I fasti del Barocco romano sono evocati dalla Natura morta di frutta e zucche di Giovanni Paolo Castelli detto lo Spadino, e la grande tela di Michelangelo Pace detto da Campidoglio, Natura morta di fiori e frutta con papere che si abbeverano ad una fontana.


La seconda parte della mostra è aperta dai convivi immersi liberamente nel contesto naturale di parchi, boschetti e giardini, con l’allusione all’imprescindibile legame tra cibo ed Eros.
La cornice fiabesca delle tele fiamminghe qui esposte, Festa nel parco del Castello e Convivio, con i meravigliosi sfondi di castelli dall’aspetto ancora medievale, dona alla scena un’atmosfera sognante e ovattata, tipica della vita di corte.
Ancora di scuola fiamminga, della prima metà del Seicento, sono le due tele che illustrano la piacevolezza del mangiare immersi nella natura, il Banchetto all’aperto e il Paesaggio estivo, nei quali gli atteggiamenti dei personaggi richiamano una disinvoltura borghese nell’atto della consumazione dei pasti e dello stare a tavola.
La presenza in mostra di un’opera come Interno di osteria con contadini, attribuibile a un artista del seguito di Pieter Brueghel il Giovane, ci permette di cogliere l’elemento grottesco di una scena di festa contadina, dove l’aspetto di preparazione e consumazione del pasto assume una grandissima forza espressiva, tipica dell’arte bruegheliana.

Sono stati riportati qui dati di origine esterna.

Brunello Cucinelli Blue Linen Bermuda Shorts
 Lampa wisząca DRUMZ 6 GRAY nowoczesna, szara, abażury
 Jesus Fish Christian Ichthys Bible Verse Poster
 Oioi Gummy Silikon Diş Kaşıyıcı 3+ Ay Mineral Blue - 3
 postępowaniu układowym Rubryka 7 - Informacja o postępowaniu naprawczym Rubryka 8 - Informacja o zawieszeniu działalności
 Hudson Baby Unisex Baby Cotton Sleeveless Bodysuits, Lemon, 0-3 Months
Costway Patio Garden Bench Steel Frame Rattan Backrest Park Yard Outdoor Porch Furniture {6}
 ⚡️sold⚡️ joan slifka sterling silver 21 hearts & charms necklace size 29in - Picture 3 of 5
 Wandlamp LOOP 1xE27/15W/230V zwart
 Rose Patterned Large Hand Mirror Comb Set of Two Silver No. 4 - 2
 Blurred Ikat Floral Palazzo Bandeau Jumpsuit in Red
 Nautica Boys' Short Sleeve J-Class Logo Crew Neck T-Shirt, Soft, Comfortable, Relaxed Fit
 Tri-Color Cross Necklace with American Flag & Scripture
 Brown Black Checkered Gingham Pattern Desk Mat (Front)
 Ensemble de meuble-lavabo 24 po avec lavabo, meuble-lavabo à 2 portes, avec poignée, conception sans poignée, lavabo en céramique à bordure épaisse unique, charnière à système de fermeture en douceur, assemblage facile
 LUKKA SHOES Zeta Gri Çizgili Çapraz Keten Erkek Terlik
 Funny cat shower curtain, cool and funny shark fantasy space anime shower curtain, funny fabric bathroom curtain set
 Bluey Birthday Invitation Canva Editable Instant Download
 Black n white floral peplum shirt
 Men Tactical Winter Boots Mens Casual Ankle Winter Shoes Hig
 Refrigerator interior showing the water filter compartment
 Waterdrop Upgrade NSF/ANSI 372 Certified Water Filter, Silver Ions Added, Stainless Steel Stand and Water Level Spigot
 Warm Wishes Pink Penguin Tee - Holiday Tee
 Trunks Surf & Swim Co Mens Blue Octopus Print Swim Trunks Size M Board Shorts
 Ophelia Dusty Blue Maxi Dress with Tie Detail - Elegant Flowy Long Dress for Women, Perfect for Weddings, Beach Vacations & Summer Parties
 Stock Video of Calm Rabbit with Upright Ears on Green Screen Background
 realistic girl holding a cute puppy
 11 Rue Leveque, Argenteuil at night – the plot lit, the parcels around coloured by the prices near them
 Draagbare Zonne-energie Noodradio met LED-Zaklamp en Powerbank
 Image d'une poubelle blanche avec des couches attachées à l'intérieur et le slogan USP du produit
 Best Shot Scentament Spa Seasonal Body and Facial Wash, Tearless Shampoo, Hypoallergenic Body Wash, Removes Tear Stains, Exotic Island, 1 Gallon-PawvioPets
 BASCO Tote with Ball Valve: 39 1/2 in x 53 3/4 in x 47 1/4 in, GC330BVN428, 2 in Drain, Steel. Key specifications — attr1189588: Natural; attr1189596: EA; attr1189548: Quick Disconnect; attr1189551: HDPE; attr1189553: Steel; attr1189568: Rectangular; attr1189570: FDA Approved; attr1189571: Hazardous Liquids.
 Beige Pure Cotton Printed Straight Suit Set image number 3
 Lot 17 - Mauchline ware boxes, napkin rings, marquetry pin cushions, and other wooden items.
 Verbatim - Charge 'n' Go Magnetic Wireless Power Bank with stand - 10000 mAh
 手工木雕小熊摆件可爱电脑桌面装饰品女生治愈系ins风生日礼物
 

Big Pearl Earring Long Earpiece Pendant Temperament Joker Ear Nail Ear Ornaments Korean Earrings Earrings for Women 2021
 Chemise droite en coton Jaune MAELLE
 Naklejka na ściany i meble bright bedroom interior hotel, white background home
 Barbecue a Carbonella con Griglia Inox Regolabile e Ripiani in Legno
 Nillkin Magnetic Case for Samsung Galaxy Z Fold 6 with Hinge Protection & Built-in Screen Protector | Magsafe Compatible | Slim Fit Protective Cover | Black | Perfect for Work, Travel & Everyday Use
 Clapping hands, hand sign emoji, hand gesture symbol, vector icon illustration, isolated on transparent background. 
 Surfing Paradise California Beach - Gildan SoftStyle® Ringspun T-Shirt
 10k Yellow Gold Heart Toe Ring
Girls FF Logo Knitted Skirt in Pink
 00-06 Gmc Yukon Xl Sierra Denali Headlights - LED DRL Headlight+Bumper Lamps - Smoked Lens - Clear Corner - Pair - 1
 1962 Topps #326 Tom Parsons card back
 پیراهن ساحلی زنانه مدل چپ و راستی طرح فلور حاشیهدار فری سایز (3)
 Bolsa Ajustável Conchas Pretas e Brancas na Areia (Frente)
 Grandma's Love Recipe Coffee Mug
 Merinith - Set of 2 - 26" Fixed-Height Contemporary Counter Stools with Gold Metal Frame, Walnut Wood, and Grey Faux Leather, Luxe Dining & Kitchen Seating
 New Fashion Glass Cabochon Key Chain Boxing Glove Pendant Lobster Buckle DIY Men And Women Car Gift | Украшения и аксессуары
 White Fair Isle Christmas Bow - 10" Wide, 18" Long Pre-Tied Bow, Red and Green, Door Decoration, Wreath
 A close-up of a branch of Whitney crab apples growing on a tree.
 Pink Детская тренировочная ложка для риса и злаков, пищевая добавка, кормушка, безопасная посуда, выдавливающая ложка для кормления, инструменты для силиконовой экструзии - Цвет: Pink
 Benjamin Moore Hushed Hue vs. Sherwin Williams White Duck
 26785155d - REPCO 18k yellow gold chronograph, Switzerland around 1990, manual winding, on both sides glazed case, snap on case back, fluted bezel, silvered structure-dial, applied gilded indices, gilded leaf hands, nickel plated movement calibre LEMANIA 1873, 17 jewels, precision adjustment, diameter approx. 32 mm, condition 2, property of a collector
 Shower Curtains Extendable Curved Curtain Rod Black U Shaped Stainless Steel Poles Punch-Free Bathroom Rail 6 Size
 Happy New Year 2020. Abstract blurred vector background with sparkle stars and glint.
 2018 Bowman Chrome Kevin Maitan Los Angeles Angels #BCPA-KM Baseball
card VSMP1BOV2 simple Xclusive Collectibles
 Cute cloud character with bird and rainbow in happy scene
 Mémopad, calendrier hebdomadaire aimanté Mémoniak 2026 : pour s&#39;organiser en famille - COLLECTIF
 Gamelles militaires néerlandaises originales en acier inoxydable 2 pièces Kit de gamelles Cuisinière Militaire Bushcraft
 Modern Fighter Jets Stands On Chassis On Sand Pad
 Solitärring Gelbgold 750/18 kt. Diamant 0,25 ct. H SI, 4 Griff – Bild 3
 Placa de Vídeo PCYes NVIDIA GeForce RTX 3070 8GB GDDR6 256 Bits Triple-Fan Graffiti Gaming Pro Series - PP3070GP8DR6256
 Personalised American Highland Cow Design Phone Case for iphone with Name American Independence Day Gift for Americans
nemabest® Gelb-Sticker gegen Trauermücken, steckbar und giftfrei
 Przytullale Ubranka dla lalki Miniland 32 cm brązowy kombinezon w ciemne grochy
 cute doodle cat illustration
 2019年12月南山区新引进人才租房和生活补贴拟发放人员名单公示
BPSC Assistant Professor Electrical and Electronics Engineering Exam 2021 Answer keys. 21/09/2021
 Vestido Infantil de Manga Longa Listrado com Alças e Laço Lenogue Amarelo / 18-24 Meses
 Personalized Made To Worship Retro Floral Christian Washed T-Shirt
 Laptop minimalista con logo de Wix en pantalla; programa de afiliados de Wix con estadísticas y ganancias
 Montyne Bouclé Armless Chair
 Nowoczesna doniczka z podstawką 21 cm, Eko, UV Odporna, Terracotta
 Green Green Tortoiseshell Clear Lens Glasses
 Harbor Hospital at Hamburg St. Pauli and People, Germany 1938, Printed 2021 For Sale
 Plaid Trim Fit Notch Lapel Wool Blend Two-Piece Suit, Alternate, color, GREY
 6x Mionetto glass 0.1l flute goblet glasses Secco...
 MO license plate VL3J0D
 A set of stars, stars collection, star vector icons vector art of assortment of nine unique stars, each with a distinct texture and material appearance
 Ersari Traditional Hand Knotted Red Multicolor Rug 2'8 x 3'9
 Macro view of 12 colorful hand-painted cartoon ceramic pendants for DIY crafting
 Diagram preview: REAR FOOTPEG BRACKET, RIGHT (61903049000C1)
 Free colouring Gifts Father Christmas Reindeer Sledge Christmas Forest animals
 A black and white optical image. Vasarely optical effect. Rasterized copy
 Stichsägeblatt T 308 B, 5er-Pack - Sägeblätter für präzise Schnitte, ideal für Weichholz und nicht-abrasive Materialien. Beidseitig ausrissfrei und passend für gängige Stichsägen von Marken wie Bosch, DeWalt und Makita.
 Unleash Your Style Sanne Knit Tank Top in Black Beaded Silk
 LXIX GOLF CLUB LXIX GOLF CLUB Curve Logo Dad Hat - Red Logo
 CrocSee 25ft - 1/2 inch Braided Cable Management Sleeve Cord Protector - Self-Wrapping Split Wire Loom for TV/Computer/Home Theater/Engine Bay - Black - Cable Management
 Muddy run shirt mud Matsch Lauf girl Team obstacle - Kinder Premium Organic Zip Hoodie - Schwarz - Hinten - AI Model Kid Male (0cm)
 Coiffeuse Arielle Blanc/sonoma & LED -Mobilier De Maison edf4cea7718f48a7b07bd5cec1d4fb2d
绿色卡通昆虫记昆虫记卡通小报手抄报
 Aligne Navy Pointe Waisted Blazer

La descrizione della vita umile degli ultimi, in una chiave legata ai costumi alimentari, viene espressa dalla presenza di una tela del pittore del Settecento bolognese, Stefano Gherardini, Interno di osteria con personaggi, formatosi sulla scia del Crespi, e da Il Pulcinella malato, eseguito da un seguace di Pier Leone Ghezzi, il grande caricaturista romano attivo nella Roma della prima metà del XVIII secolo.
In posizione dominante, nella bellissima Sala del Camino, svetta il Bacco e Arianna del pittore Rococò fiorentino Gian Domenico Ferretti, il cui dipinto celebra il Dio del vino, dell’ebbrezza, della trasformazione e della rigenerazione della vegetazione.
Seguendo un suadente percorso tra dipinti ricolmi di frutta, selvaggina, pesci, tavole imbandite e paesaggi animati da feste aristocratiche, colazioni campestri e fiere cittadine, si assiste alla rivelazione di una cultura artistica dominata dal trionfo della Natura mater, la procreatrice dei prodotti della terra, raffigurata nei paesaggi come luogo di bucolico abbandono, dove Eros e le Dee della fertilità e dell’abbondanza giacciono felici sul verde rigoglioso di un prato primaverile.